Thank you for botkit, it's great stuff!

Cheers,
Gary.

@jayjanssen
Copy link
Contributor

Hi, I have been having issues with my slack connection just going dark as well and with your suggestion of tcpkilling the connection, I found a few issues that I tried to fix here:

#298

I'm not sure if it addresses your specific issue or not, but once I was logging properly (#299), I was able to see slackbot do reconnection attempts with tcpkill.

@DustinVenegas
Copy link

Ah, this looks like the issue I'm having upon hitting a debug breakpoint.

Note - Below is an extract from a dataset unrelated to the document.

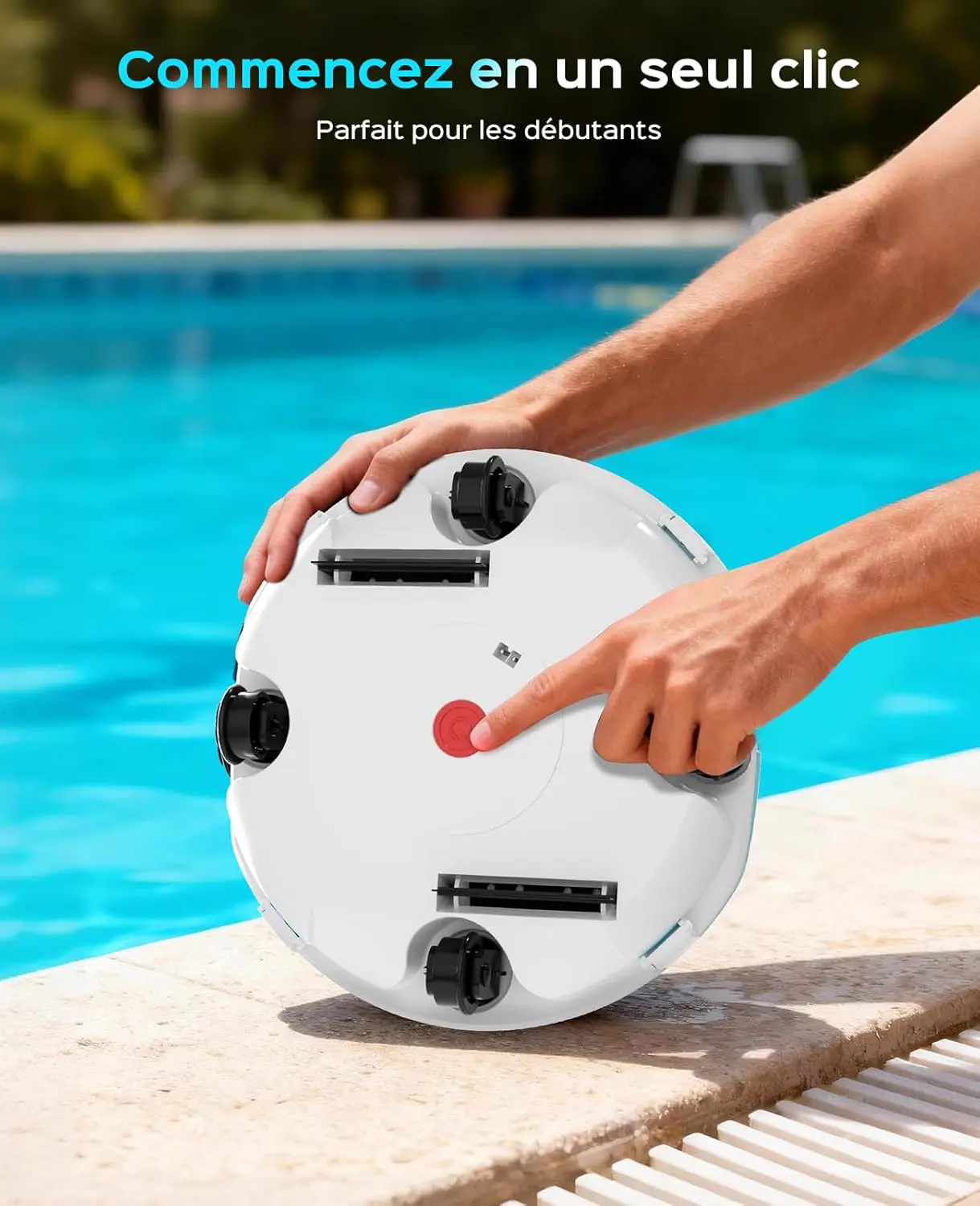 Robot piscine blanc 60 m² vue 8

I don't know enough about @jayjanssen's PR but it definitely touches what I'm seeing go wrong with reconnects.

@rdohms
Copy link

rdohms commented Nov 7, 2016

I'm using v0.4 that includes the fix above, but also found this in logs:

error: Error: Stale RTM connection, closing RTM

After this no messages reach slack and the bot is offline, so the issue is still there.

@garymoon
Copy link
Author

garymoon commented Nov 7, 2016

For anyone looking for a reliable solution, I have auto-reconnect disabled and use the following code to keep the bot alive. It hasn't failed once since my last reply here.

var controller = ...;
var bot = ...;

function start_rtm() {
        bot.startRTM(function(err,bot,payload) {
                if (err) {
                        console.log('Failed to start RTM')
                        return setTimeout(start_rtm, 60000);
                }
                console.log("RTM started!");
                });
        });
}

controller.on('rtm_close', function(bot, err) {
        start_rtm();
});

start_rtm();

Hope it helps!

Edit: There's no need to handle team_migration_started, it's almost immediately followed by an rtm_close, and the reconnection logic will (within a minute or two, since the first reconnect attempt usually fails) connect you to the new server.

@rickul
Copy link

rickul commented Nov 9, 2016

@garymoon How do I disable auto-reconnect? bot.config.retry = false?

@garymoon
Copy link
Author

garymoon commented Nov 9, 2016

@rickul It's disabled by default, I just meant I don't have it enabled when I use the code above.

@rickul
Copy link

rickul commented Nov 9, 2016

Thanks! Your code works fine 👍

@peterswimm
Copy link
Contributor

Closed as answered

@garymoon
Copy link
Author

Probably best to remove the feature if there's no interest in fixing it @peterswimm.

@peterswimm
Copy link
Contributor

@garymoon with the shift from rtm to events you may see a deprecation of this feature, but if anyone has a PR that improves functionality of auto-reconnect we will definitely consider it.

@garymoon
Copy link
Author

@peterswimm My understanding is that events and RTM are intended to compliment one another, indeed each has several features not supported by the other.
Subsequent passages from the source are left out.